The Basic Tools Of Cinematography
In the area of camerawork, the cinematographer can shape the appearance of an image in several ways. For instance, a lens with a short focal length captures a wide angle of view, while a lens with a long focal length (also known as a telephoto lens) captures a narrower angle of view. The resulting images have distinctive characteristics. It is often said that a telephoto lens “flattens” the image, while a wide-angle lens will produce more apparent depth. In Michelangelo Antonioni’s Red Desert (1964), cinematographer Carlo Di Palma alternates between wide-angle and telephoto lenses to produce a disorienting sense of space, shifting back and forth between flatness and depth.

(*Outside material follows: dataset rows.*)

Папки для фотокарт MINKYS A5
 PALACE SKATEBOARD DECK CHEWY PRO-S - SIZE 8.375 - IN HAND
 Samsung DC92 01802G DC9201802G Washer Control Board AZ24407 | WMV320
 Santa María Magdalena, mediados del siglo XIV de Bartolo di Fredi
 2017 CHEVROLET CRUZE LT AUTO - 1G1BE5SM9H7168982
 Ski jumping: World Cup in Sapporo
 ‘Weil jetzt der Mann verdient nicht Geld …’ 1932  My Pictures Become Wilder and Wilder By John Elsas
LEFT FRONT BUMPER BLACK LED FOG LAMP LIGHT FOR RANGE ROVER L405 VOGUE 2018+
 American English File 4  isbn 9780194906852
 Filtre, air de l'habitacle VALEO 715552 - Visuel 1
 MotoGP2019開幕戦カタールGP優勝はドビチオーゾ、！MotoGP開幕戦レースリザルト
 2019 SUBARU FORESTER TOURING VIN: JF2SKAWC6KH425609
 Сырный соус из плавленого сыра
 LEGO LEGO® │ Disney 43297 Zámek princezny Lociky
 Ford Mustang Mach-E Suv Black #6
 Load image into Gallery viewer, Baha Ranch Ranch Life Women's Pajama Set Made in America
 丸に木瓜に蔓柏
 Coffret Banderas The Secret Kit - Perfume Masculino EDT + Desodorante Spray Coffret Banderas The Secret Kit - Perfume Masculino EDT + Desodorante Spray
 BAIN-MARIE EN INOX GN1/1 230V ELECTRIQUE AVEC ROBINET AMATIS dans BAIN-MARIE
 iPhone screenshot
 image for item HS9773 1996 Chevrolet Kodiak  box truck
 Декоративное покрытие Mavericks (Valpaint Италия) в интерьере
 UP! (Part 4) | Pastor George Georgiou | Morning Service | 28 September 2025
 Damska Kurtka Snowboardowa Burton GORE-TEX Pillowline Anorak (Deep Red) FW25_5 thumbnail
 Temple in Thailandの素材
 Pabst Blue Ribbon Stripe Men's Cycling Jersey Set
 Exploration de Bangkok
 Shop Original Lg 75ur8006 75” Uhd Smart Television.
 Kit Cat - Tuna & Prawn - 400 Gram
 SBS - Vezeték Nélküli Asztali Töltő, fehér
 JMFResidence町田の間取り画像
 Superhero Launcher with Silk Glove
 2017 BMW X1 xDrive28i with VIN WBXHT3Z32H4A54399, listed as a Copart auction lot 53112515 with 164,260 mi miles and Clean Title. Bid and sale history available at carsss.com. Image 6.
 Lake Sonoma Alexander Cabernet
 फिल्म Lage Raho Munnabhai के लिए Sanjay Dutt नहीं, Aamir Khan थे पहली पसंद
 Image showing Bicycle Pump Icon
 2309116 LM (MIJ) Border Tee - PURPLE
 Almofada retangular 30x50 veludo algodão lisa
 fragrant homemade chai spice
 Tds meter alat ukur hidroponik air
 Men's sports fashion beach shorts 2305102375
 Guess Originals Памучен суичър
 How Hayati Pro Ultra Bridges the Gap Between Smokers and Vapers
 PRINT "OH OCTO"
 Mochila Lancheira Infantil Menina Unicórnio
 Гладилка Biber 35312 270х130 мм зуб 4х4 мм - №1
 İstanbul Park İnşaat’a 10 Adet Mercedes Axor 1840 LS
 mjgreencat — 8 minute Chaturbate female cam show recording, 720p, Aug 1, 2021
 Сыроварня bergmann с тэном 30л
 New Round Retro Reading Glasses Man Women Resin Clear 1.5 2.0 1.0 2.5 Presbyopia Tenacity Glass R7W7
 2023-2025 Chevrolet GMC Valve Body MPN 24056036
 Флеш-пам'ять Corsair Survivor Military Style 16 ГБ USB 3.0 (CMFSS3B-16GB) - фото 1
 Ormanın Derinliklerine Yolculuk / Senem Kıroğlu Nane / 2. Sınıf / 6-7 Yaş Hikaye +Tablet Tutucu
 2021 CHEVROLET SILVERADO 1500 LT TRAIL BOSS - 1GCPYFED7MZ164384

Each lens is also equipped with an iris, or aperture. By opening the aperture, a cinematographer can allow more light to hit the film. The size of the aperture is one of the most important factors in manipulating depth of field, the range of distance in which objects are in acceptable focus. Opening the aperture decreases depth of field; closing the aperture increases it. In Orson Welles’s Citizen Kane (1941), cinematographer Gregg Toland uses an array of techniques, including a narrow aperture, to produce deep-focus images, allowing the spectator to see both the foreground and the background in sharp focus.
Cinematographic composition is often dynamic, incorporating both figure movement and camera movement. The camera movement options include pans, tilts, dollies, and cranes. A zoom looks similar to a dolly, but it is actually a manipulation of the lens, moving from wide-angle to telephoto, or vice versa. While many films use editing to direct the spectator’s attention, some filmmakers rely more heavily on camerawork, using dollies and zooms to move from long shot to close-up and back again. The Hungarian filmmaker Miklós Jancsó is a master of this approach (see Bordwell 1985).
In composing the image, the camera crew must consider the aspect ratio of the film. This ratio measures the width to height of the image. During the silent period, the most common ratio was 1.33 to 1; in other words, the image had 1.33 times more width than height. During the 1950s, several new widescreen ratios were introduced, such as CinemaScope, with a typical ratio of about 2.35 to 1.
Since the introduction of sound, the film normally runs through the camera at 24 frames per second, but a filmmaker can produce special effects by altering the camera speed. A fast-running camera produces a slow-motion image, and a slow-running camera produces a fast-motion image. In Dziga Vertov’s Man with a Movie Camera (1929), cinematographer Mikhail Kaufman uses fast motion to convey the pace of the modern city.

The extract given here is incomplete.